Под мостом гулять не положено, но кузина Лили, смотревшая за детьми, сама тот еще сорванец, хоть ей сравнялось уже двадцать. Когда с девочками Лили, их отпускают надолго. Няня, ходившая по пятам за Никой, недавно взяла расчет. Тетка говорит - ушла к тем, кто платит больше.
Ника садится на кровать, берет зеркало, высовывает язык сколь может далеко и пытается разглядеть собственное горло. Ничего толком не видно. Где-то там внутри засел кашель, не любящий кипяченое молоко. Сама Ника его тоже терпеть не может, но согласна пить, чтобы противный кашель выскочил побыстрее.
Тетка заходит с подносом, сухопарая, похожая на цаплю, смотрит сердито - почему вылезла из-под одеяла?
- А мы пойдем в воскресенье смотреть на аэроплан? - спрашивает Ника, и, морщась, глотает ненавистное питье.
- Будешь хорошо лечиться - пойдем, - говорит тетка, и уходит, прикрывает за собой дверь.
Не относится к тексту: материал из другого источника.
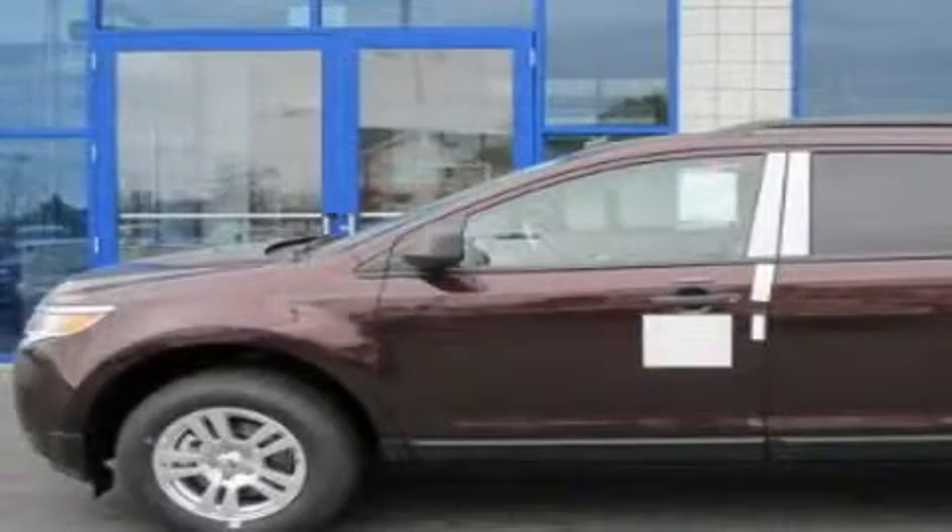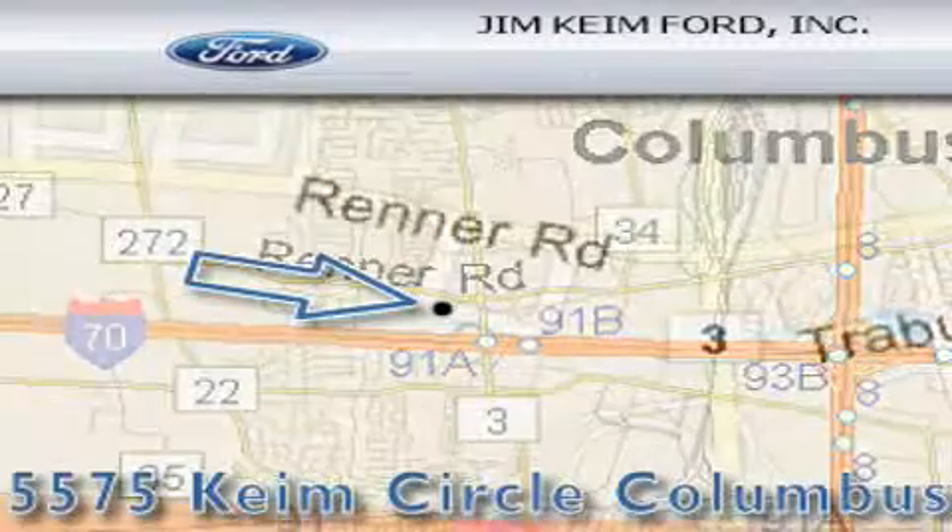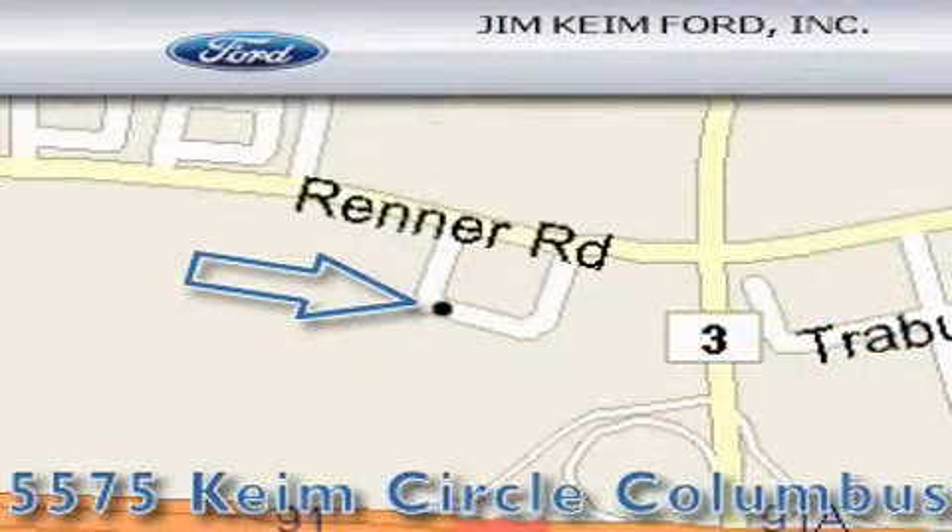Stop by today and test drive this vehicle for yourself. Jim Kime Ford is located at 5575 Kime Circle in Columbus. Our goal is to exceed all of your expectations to ensure that you'll return for future visits.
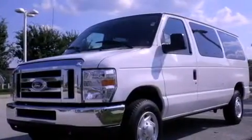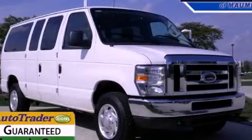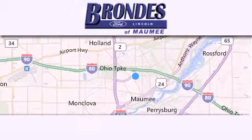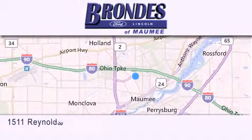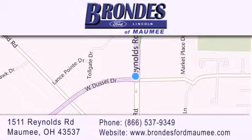This automobile won't last long at this price. Call and arrange a test drive now. Brondee's Ford Maumee offers a wide selection of Ford and Lincoln vehicles and is an automotive leader in the area. Stop by our showroom located at 1511 Reynolds Road in Maumee and visit us online at brondeesfordmaumee.com.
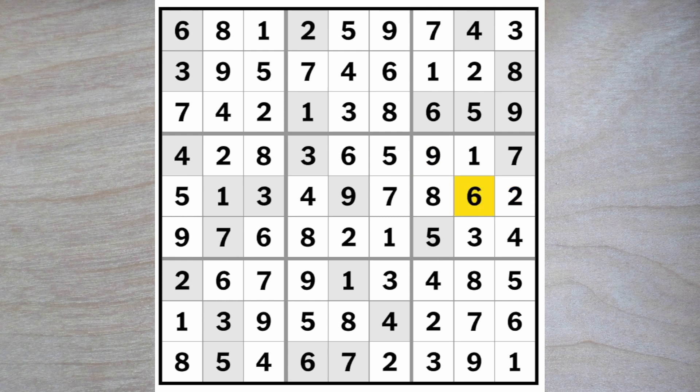This must be a two and this must be a six. A little tricky today — the New York Times hard puzzle, but quite enjoyable. Thank you for watching and bye for now.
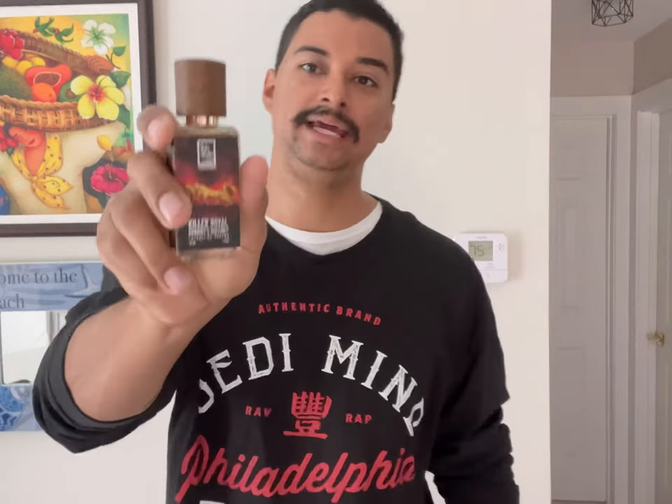I put this on last night around six o'clock, and I woke up this morning still smelling it on my skin. I woke up at about nine in the morning, so I got a good amount of sleep — and that just goes to show that this right here is a banger.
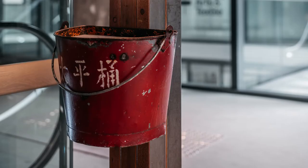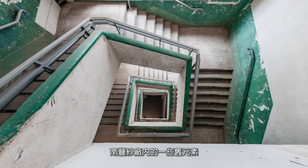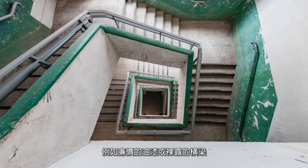In keeping with the Mills' focus on sustainability, some old elements were kept, including the paint and the exposed beams.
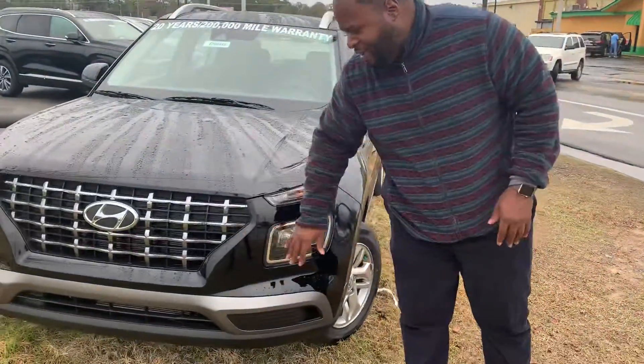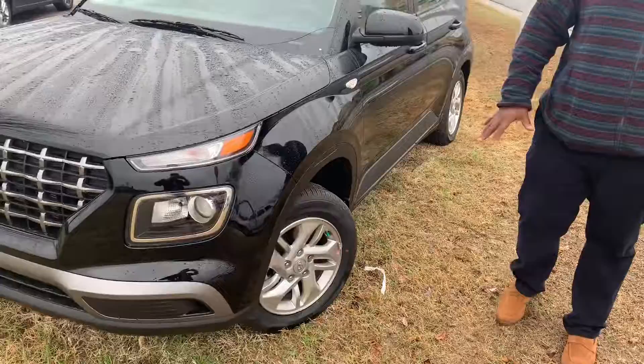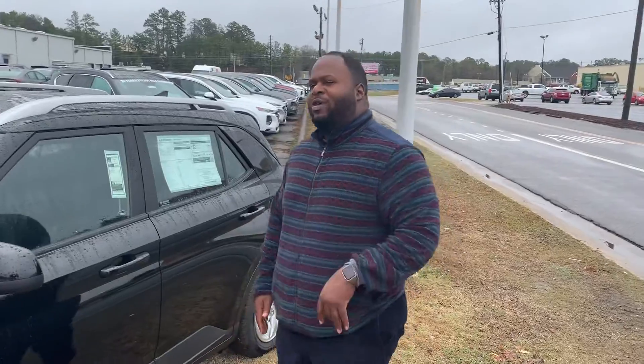It's going to feature the signature Hyundai Honeycomb grille, LED headlights, and a couple of premium alloy wheels. Tons of our latest safety features like lane keep assist and forward collision avoidance. Why don't you follow me? I'll show you inside.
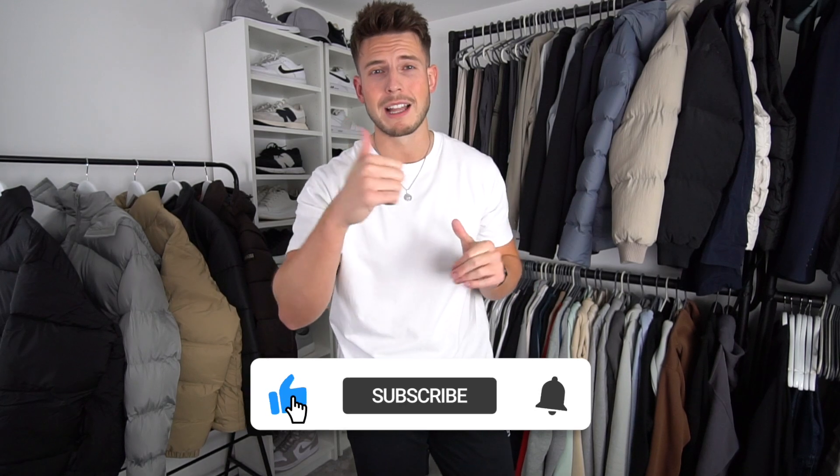Welcome back to the video. It's that time of year where you need a few nice jackets and coats, and a puffer jacket is a must for any guy's wardrobe. I'm going to take you through a puffer jacket try-on haul from a few different brands, ranging from 40 pounds all the way up to 265 pounds — all bases covered. I'll tell you which one is the best value for money too, so let's get straight into it. All the jackets will be linked in the description below.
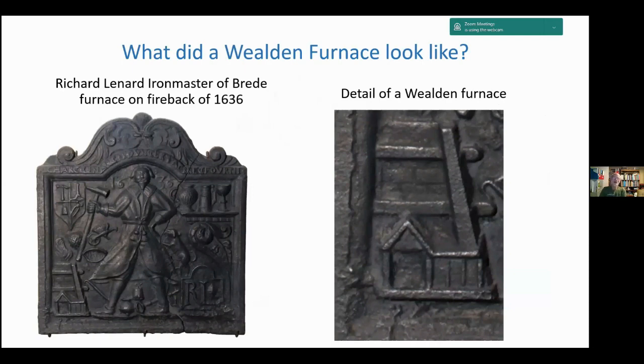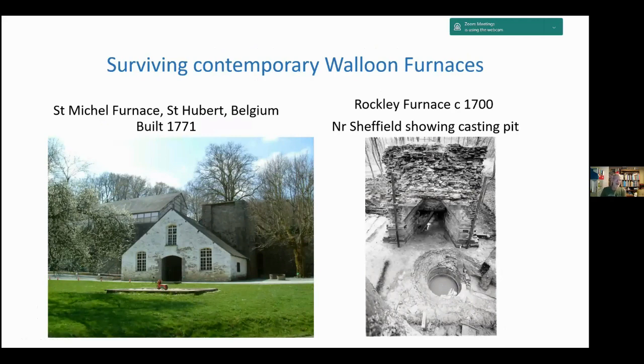We have only one piece of evidence of what a Wealden furnace looked like — on the back of a cast fireback dating from 1636 where ironmaster Richard Lennard showed the tools of his trade, including a picture of the blast furnace in the corner. We have evidence elsewhere too: St Michael's furnace at St Hubert in Belgium dates from 1771, showing the furnace, the casting house, the charcoal store, and the blowing house.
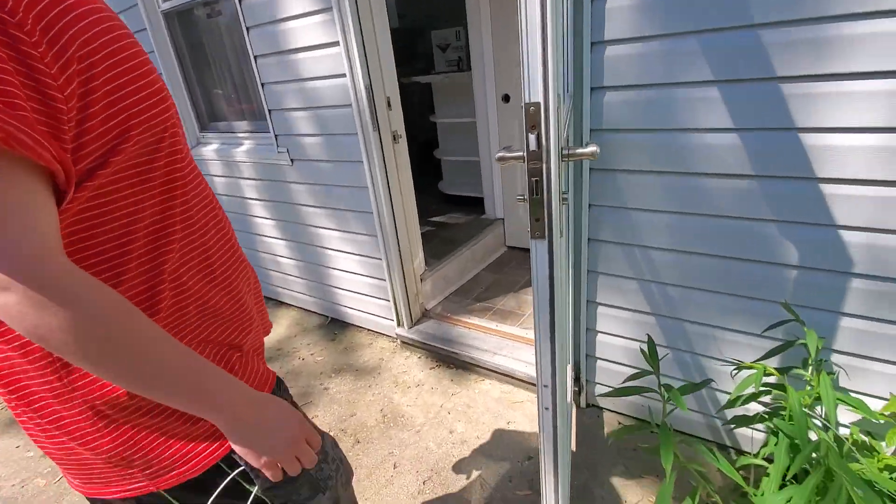This is Logan W1997 back at it again. We got this empty two-story house right here, going to see it with Robby and his sister.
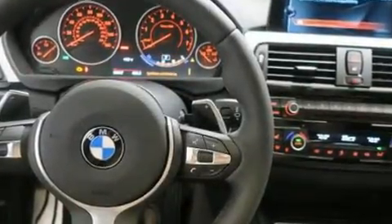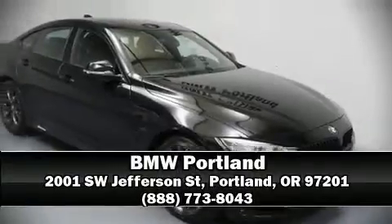This vehicle has achieved certified pre-owned status by passing BMW's rigorous certification process. Please don't hesitate to give us a call.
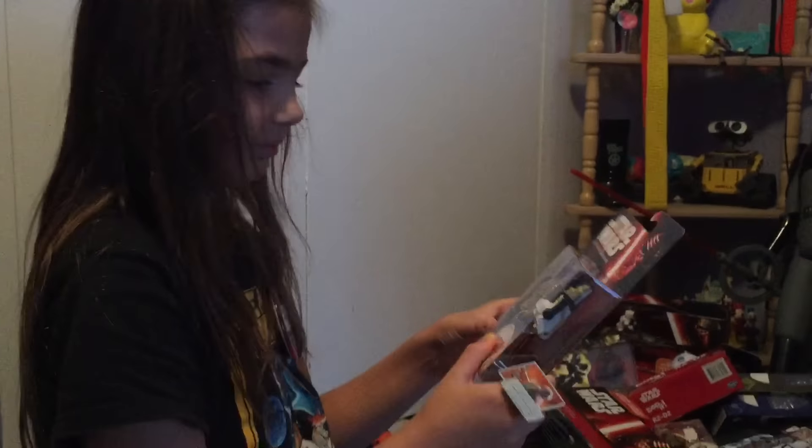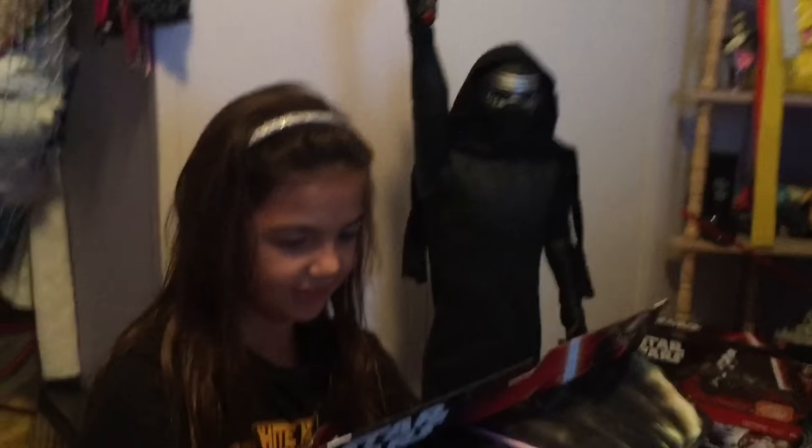I don't know who he is. This is the First Order Stormtrooper. This is... I don't know who he is. Oh, he's a Resident Trooper. This is... Poppet! Oh! I love Poppet! Oh, Poppet! I got another vehicle with a black and red stormtrooper, which I really really like. He's so cool.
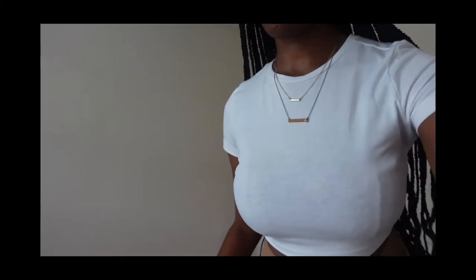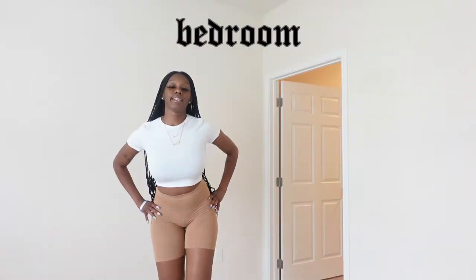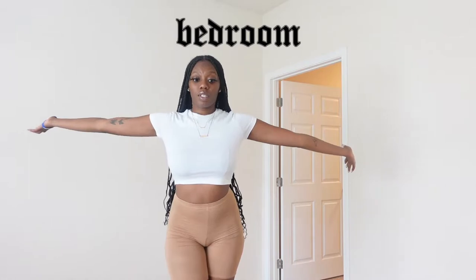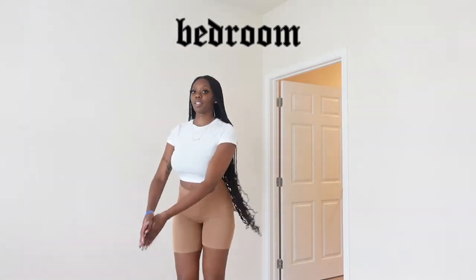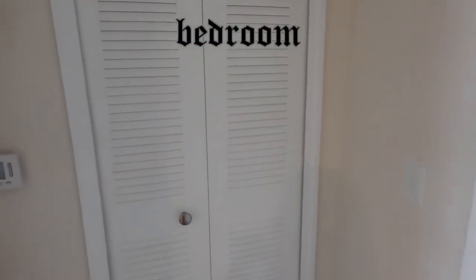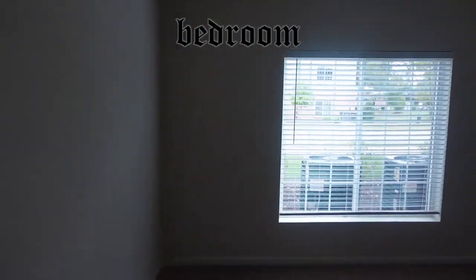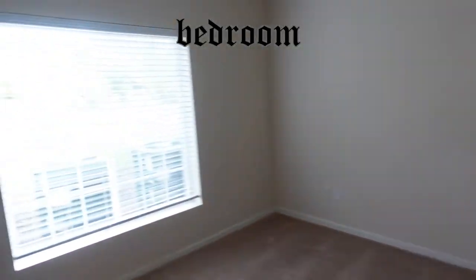I don't know how people make these videos and take them so seriously — this is what is happening. This is my bedroom. It's a good size, there's the water heater and stuff in here. It's a nice size and there's a lot of light in here.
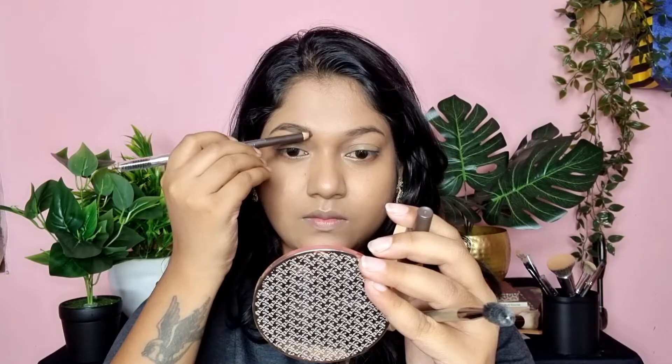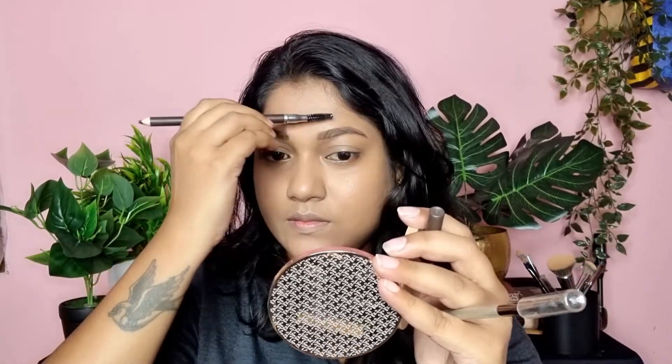Fill the eyebrows and then check in the upward direction to see if you have left any sparse areas that need more product. I have used a shimmer shade for the eyeshadow and will apply it all over the eyelid.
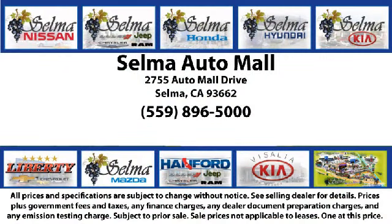So come see us today and let us show you why so many people choose the Selma Auto Mall as their preferred destination for buying a car.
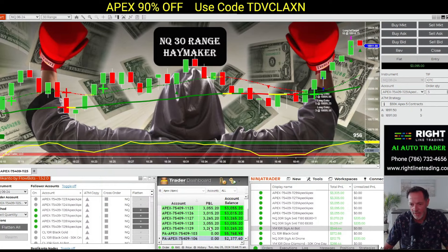There we go. We got five — so we flipped over five. They're quick ones, using the trade copier and the haymaker.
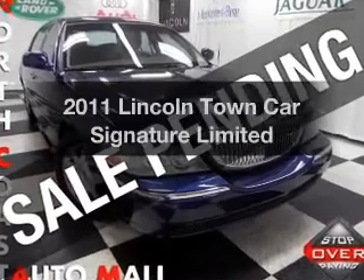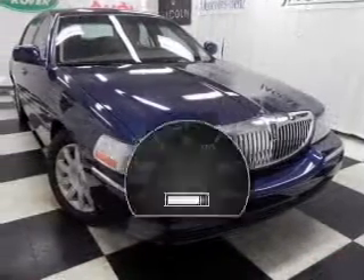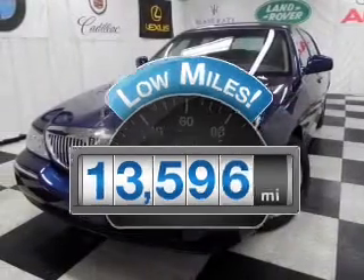Get noticed in this 2011 Lincoln Town Car. This is the set of wheels you've been looking for. Low mileage is an important factor in your purchase, and this vehicle delivers a low odometer rating.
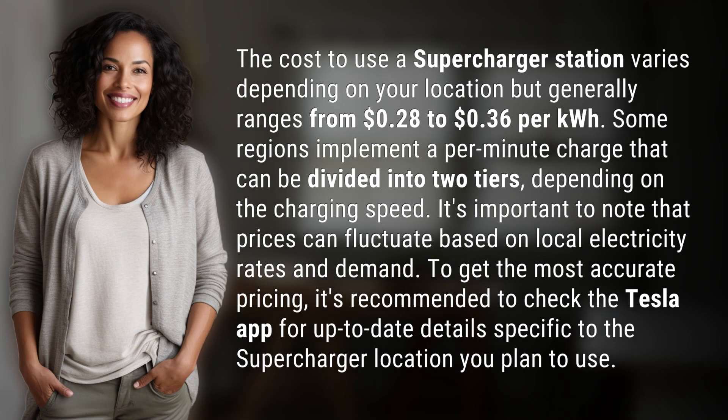The cost to use a supercharger station varies depending on your location, but generally ranges from $0.28 to $0.36 per kilowatt hour. Some regions implement a per-minute charge that can be divided into two tiers, depending on the charging speed. It's important to note that prices can fluctuate based on local electricity rates and demand.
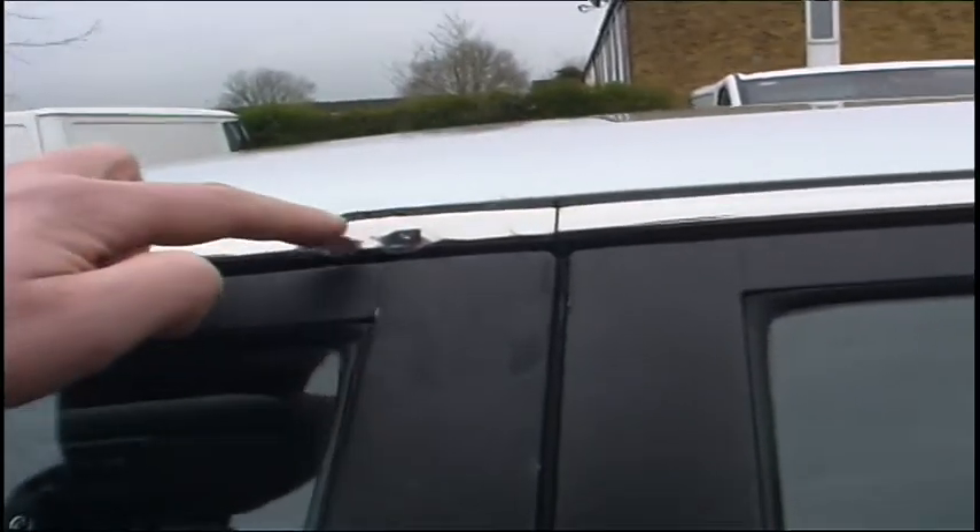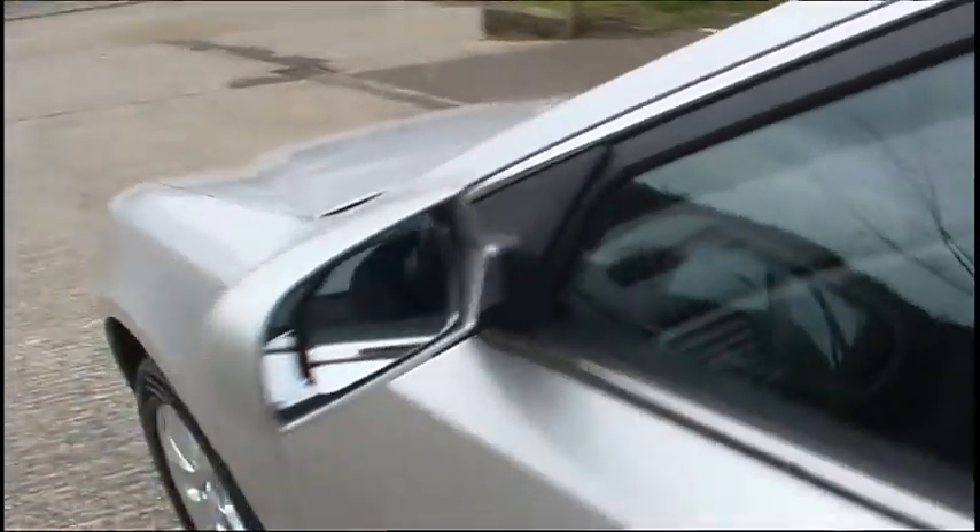There was an attempt to break in here — that's not a big issue. Also there are a couple of scratches. Here we have a broken mirror, but again that's nothing. You could fix it for like 20 quid.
Ника, озираясь, снова выскальзывает из-под одеяла и подхватывает пару любимых игрушек - потертого медведя с коричневым бантом и куклу. Укладывает их рядом с собой.
**
Дом этот всегда напоминал мне ковчег, в который вместо зверья собрали изделия самых различных культур и эпох. Готическая, стрельчатая библиотека, розово-кремовые ракушки дамских комнат, курительная комната, украшенная африканскими статуэтками, с леопардовой шкурой, брошенной на пол... Этот громадный дом выглядел слишком просторным для семьи из пяти человек, не считая, конечно, слуг. Но хозяева вряд ли могли подумать о чем-то меньшем - с их ритуалами, неписанными правилами перемещения по комнатам в течение дня, сменой нарядов и неторопливыми беседами - всему этому попросту тесно было бы в помещении не столь вместительном.
Глава семейства всегда казался мне капитаном, с его трубкой, длинными баками, зычным голосом и уверенностью, с которой он двигался в житейском море. Правда, неизменная трость в образ капитана не вписывалась, но единственная деталь не могла перебить впечатления.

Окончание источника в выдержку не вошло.